The first baseman's stock continues to rise as he makes yet another jump in the Mets' system. He has collected both team and individual awards during his tenure as he makes waves within the organization. The former California All-Star sat down with Inside Pitch Magazine on Saturday night after yet another snow out to start the season.

Consistency is the toughest challenge for young players. The ability to string together solid, valuable performances on a daily basis differentiate players of all levels. Mike Carp aims to rack up another productive season after his Sterling Award winning 2006 campaign. Now in his third new level of ball in three seasons, he knows this year is the most important one yet.

During his last two seasons, at Hagerstown and St. Lucie respectively, his playing time sharply increased which allowed him to find comfort on the diamond. In turn, his production went up and catapulted him to Binghamton in 2007. He remarked that although his game and mental approach have matured, his hunger for success has grown exponentially.

"I'm pretty excited about (playing at Binghamton). Another level of ball means I'm closer to my actual goal of reaching the big leagues. Facing the better competition will prepare me for the future. But, it also means I have to work that much harder. I'm ready for it. The more I put into it, the better the results," he said.

Carp hit his workouts with aggression even before he arrived at spring training. Over the winter he bulked up significantly as he added 20 pounds of muscle to his 6-foot-2 frame. Added weight has the potential to alter a hitter's swing and bat speed, but he contends that neither has been affected.

Besides hitting the gym, he detailed how this spring, he has changed the way he used the field. "I kept working on things I didn't do in 2005, which is hit and use the whole field. That really paid off last season. This spring, I hit a lot better off lefties than anyone which is huge for me."

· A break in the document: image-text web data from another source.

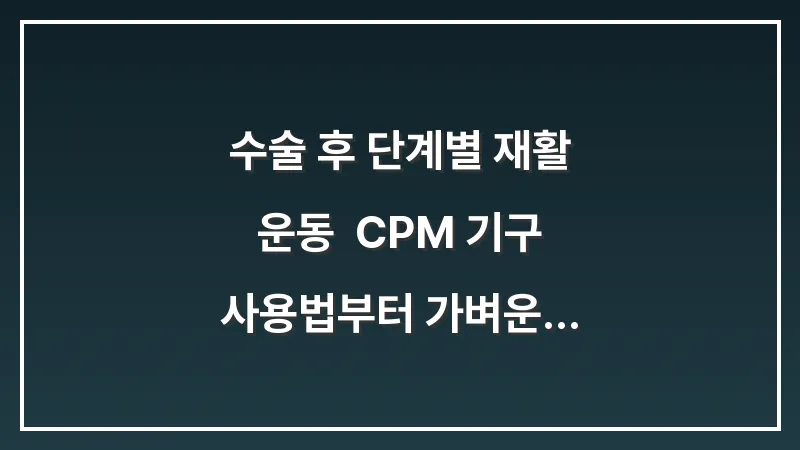 수술 후 단계별 재활 운동: CPM 기구 사용법부터 가벼운 스트레칭까지 대표 이미지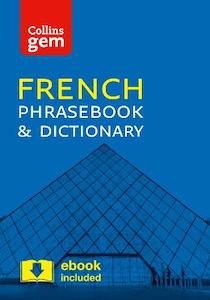 Reference Language: Collins French Phrasebook and Dictionary Gem Edition: Essential phrases and words in a mini, travel-sized format (Collins Gem)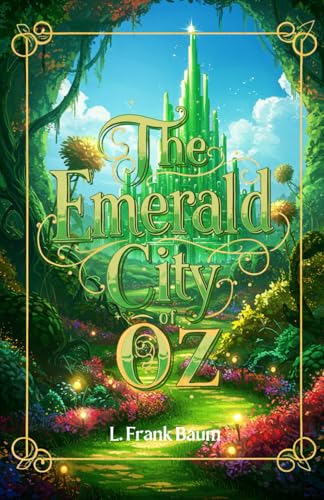 The Emerald City of Oz: A Journey Through Magic and Adventure The Emerald City of Oz: A Journey Through Magic and Adventure von Independently published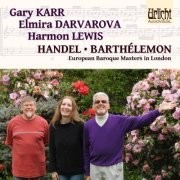Gary Karr, Elmira Darvarova, Harmon Lewis - European Baroque Masters in London: Handel and Barthélemon (2013) [Hi-Res]
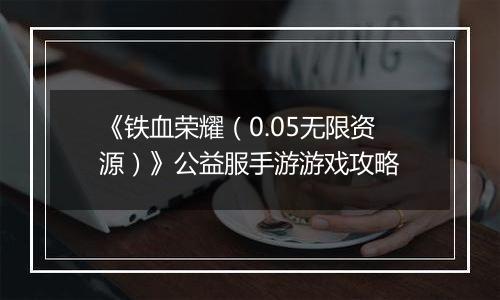 《铁血荣耀（0.05无限资源）》公益服手游游戏攻略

Those signs of progress came as early as last season when he belted 11 of his 17 home runs to left field. Using the whole field will keep him more disciplined in the batter's box and prevent him from jumping at balls and becoming pull happy. The more he hones in his abilities, the further he will separate himself from other first basemen in the organization.

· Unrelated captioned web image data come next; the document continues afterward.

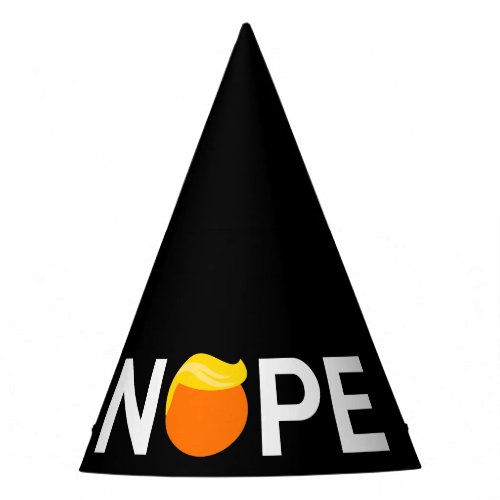 Anti_Trump _ Nope Edition Party Hat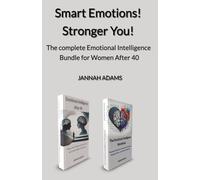 Smart Emotions! Stronger You!: The complete Emotional Intelligence Bundle for Women After 40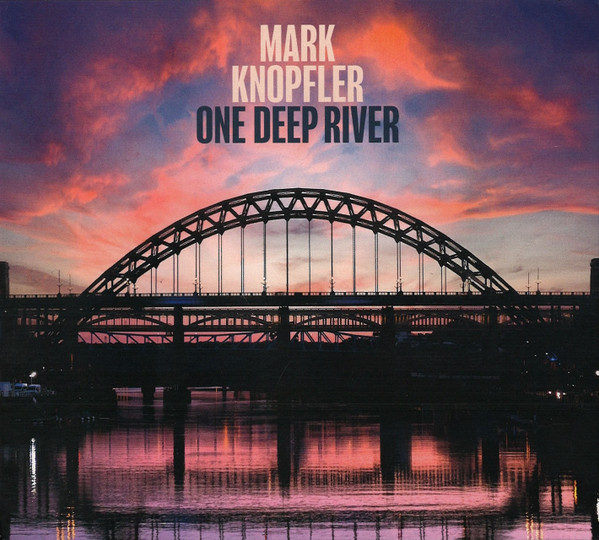 Ouvimos: Mark Knopfler, "One deep river"
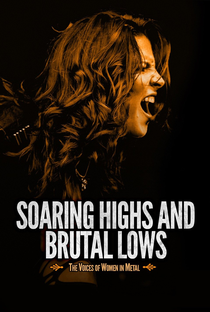 Soaring Highs and Brutal Lows: The Voices of Women in Metal - Poster / Capa / Cartaz - Oficial 1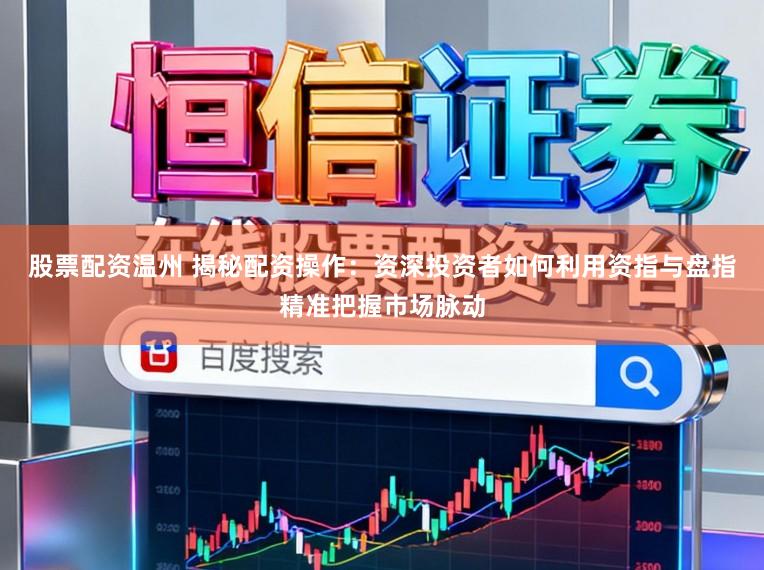 股票配资温州 揭秘配资操作：资深投资者如何利用资指与盘指精准把握市场脉动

If there was one slight knock in his young career, it was his defense. Though opposite field hitting was his main offensive goal, Carp explained the methodical and intense defensive drills he endured during camp as he worked with Mets third base coach Sandy Alomar.

"I soaked up as much as I could from Coach Alomar. He took me under his wing; we worked together everyday. He's got a couple short range drills where he hits the ball at me from 10 to 15 feet with a fungo. It's all reaction drills and helps me work on my cross steps. It's a lot different than seeing the ball from 100 feet when the balls seem to come off the bat so slow. His drills really helped increase my range, I feel a lot more comfortable, so it really paid off," he said.

Carp is strengthening all of his tools simultaneously. Still not even 21-years-old on Opening Day, he accepted his promotion to Binghamton as a challenge and position he refuses to relent. He also fights through any notion that 2007 could be a let down after the high praise of last season.

"I accepted the award as a sign of great respect from the organization. I didn't expect to win it; it wasn't my goal to win. I was caught up in getting wins for my team and the Sterling Award was just a great compliment to the season. The award has added more fuel to my fire to keep progressing and get better as a ball player," he said.

In a new environment and a new clubhouse, a tremendous opportunity awaits him. With a mirrored at-bat total from last season, and executed techniques, his ceiling will continue to rise. For now, "I just want to put myself that much closer to the big leagues whether it's this year, next year, whenever. I'd like to keep improving my defense and get my average above .300 at another new level," Carp closed.